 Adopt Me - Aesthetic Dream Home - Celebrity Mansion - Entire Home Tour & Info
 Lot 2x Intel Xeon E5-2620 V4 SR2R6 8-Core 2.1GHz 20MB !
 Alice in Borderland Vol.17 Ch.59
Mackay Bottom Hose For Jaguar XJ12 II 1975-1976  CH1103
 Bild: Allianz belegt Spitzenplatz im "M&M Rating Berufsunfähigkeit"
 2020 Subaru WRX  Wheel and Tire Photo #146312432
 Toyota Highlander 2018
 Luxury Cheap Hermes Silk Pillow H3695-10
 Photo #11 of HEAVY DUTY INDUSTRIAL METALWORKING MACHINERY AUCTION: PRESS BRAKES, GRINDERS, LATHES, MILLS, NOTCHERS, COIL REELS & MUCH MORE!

---

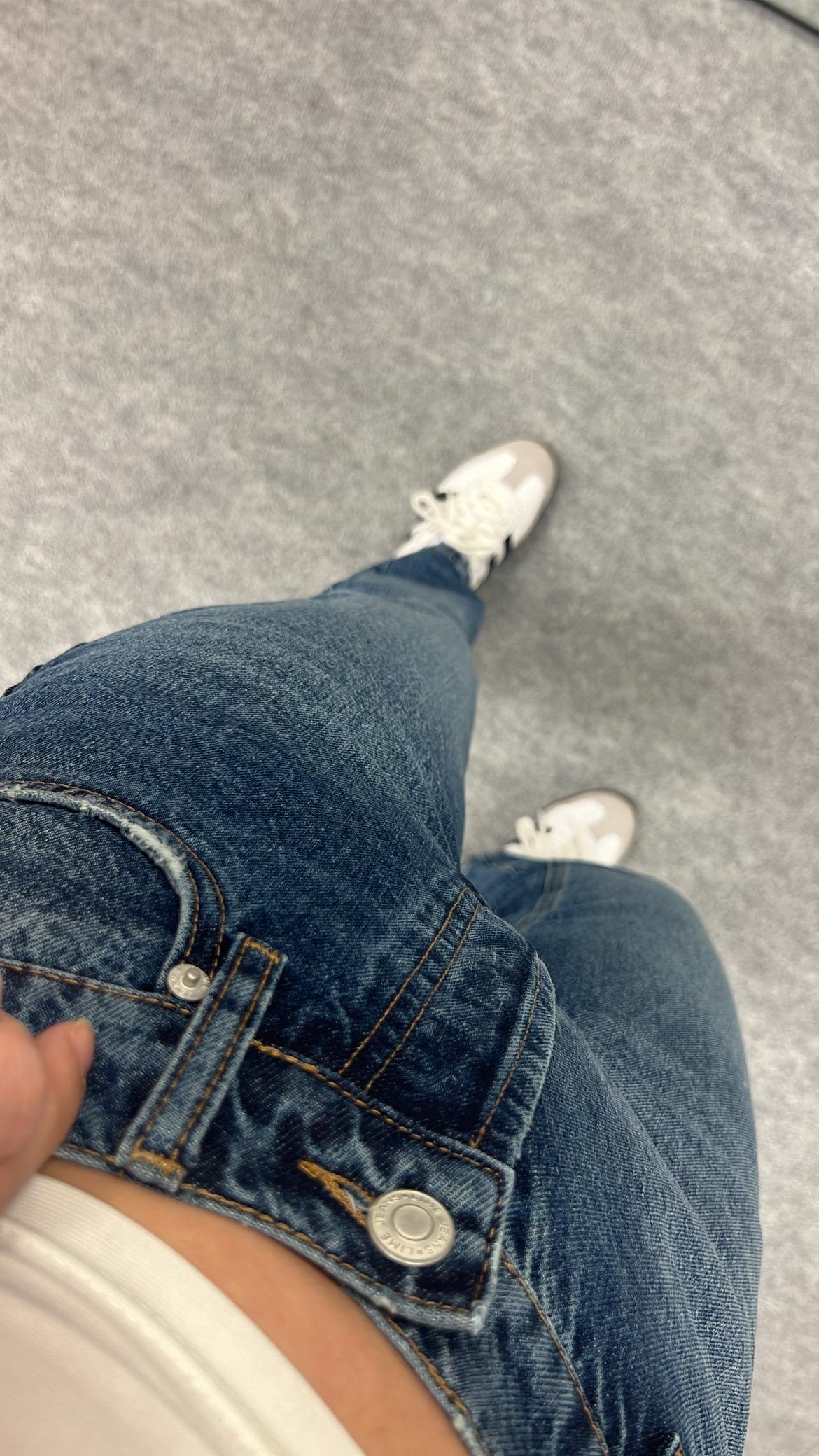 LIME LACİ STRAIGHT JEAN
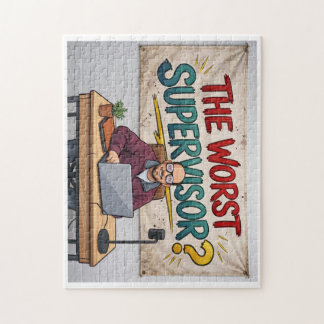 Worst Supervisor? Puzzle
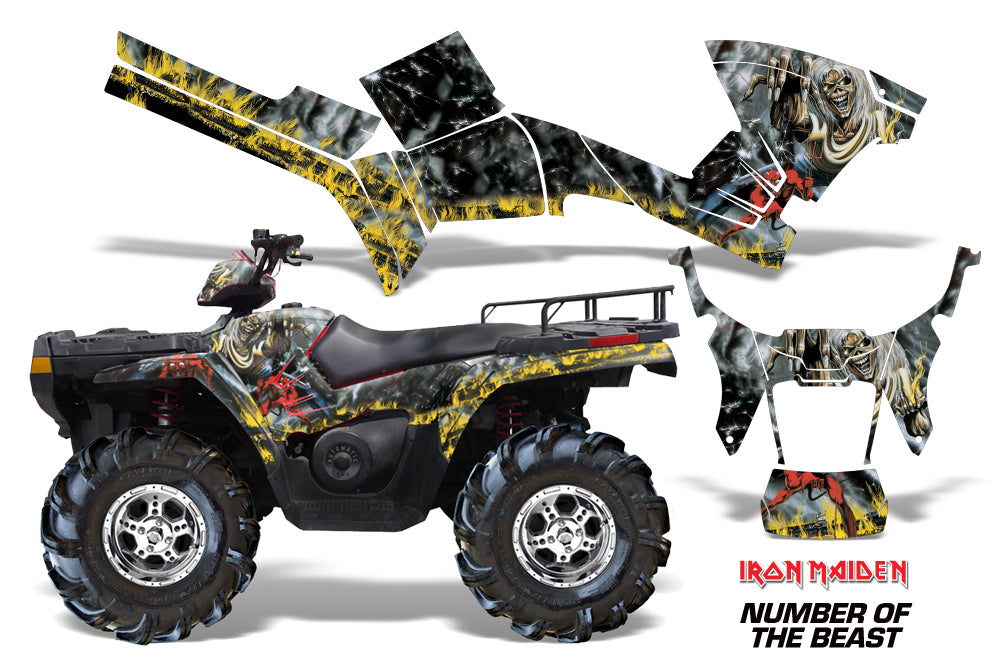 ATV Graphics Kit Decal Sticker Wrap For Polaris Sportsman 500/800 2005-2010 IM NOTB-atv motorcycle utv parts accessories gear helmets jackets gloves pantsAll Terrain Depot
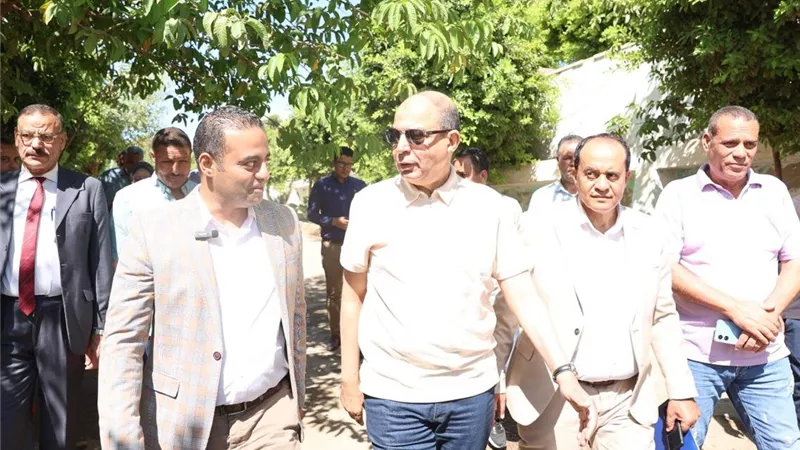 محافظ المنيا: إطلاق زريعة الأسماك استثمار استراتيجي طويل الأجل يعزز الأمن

...

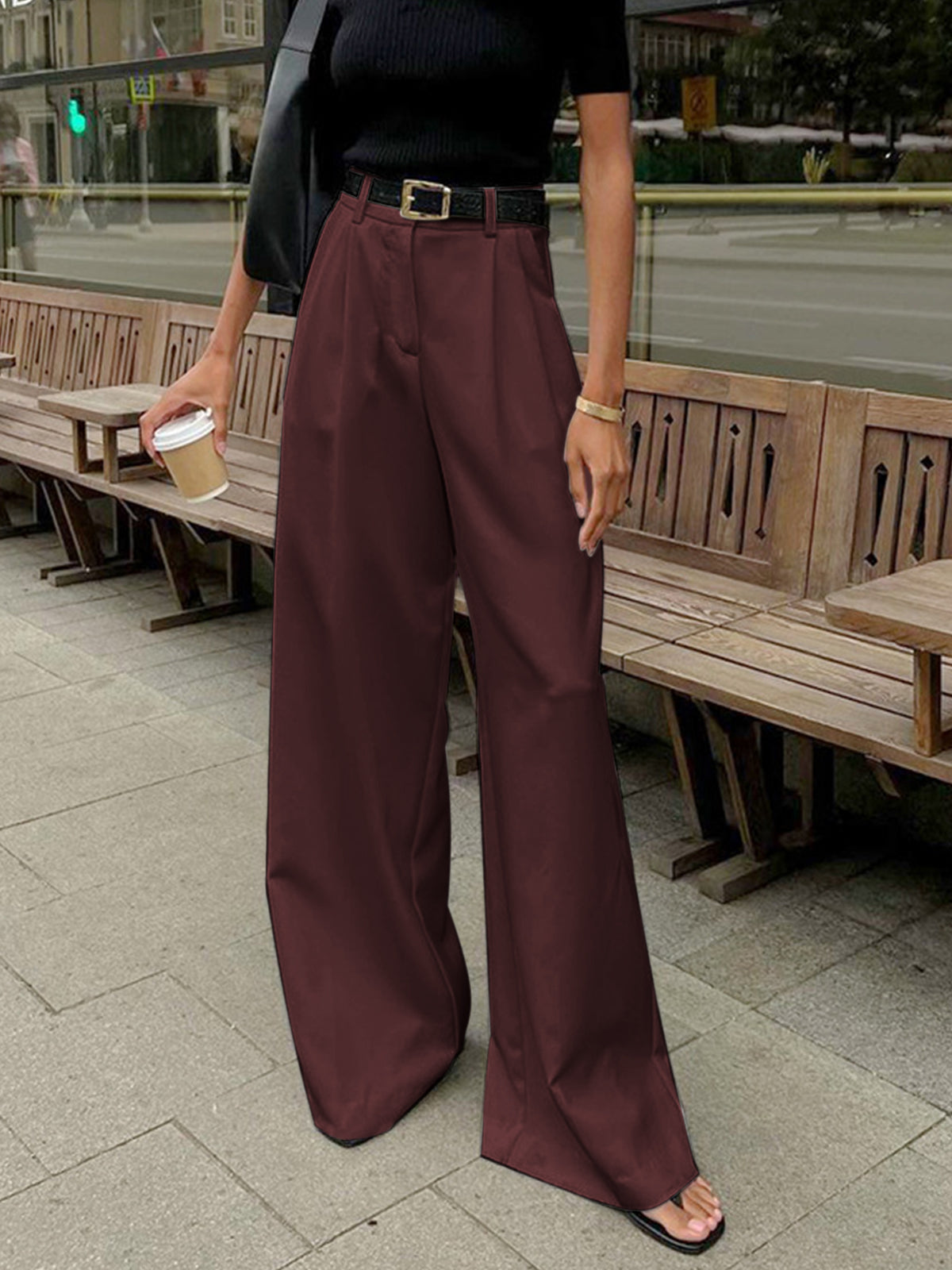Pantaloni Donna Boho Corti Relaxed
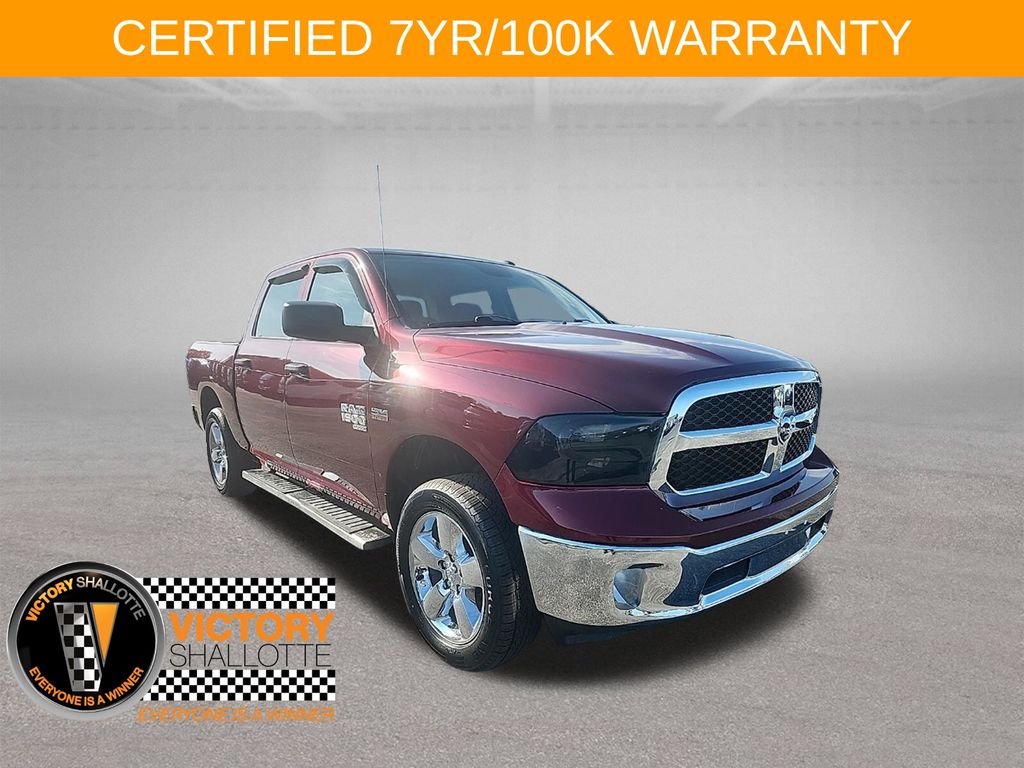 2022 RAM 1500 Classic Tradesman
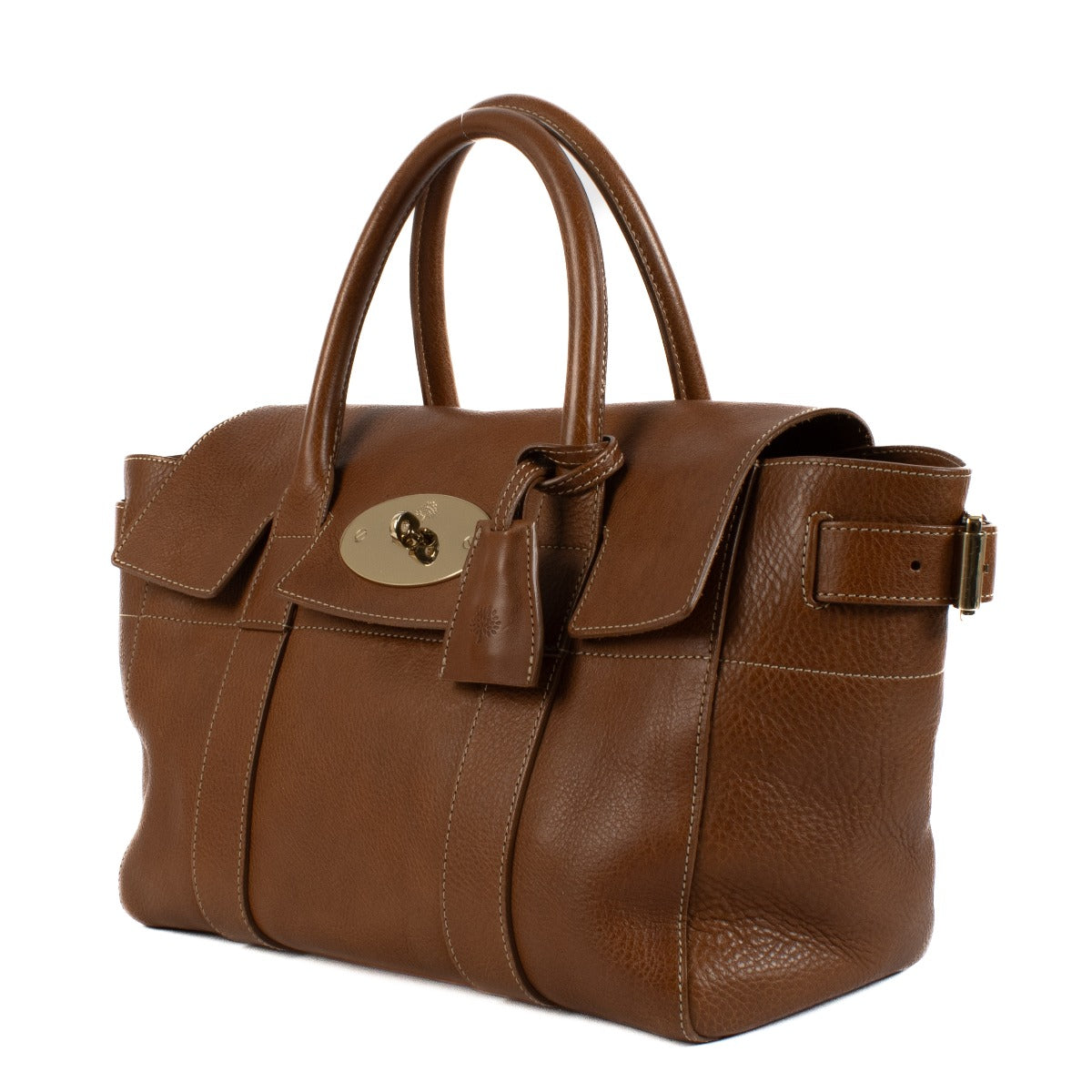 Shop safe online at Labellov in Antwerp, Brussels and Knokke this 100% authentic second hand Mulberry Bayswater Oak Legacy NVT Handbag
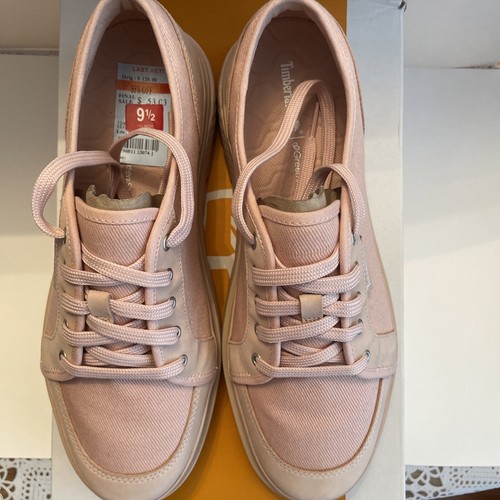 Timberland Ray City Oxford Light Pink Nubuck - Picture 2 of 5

EXERCISE BRIEF:
Begin with the line that has "Adopt Me - Aesthetic" in the listing above and end after the line that has "Photo #11 of"; output those lines exactly.

EXERCISE RESPONSE:
 Adopt Me - Aesthetic Dream Home - Celebrity Mansion - Entire Home Tour & Info
 Lot 2x Intel Xeon E5-2620 V4 SR2R6 8-Core 2.1GHz 20MB !
 Alice in Borderland Vol.17 Ch.59
Mackay Bottom Hose For Jaguar XJ12 II 1975-1976  CH1103
 Bild: Allianz belegt Spitzenplatz im "M&M Rating Berufsunfähigkeit"
 2020 Subaru WRX  Wheel and Tire Photo #146312432
 Toyota Highlander 2018
 Luxury Cheap Hermes Silk Pillow H3695-10
 Photo #11 of HEAVY DUTY INDUSTRIAL METALWORKING MACHINERY AUCTION: PRESS BRAKES, GRINDERS, LATHES, MILLS, NOTCHERS, COIL REELS & MUCH MORE!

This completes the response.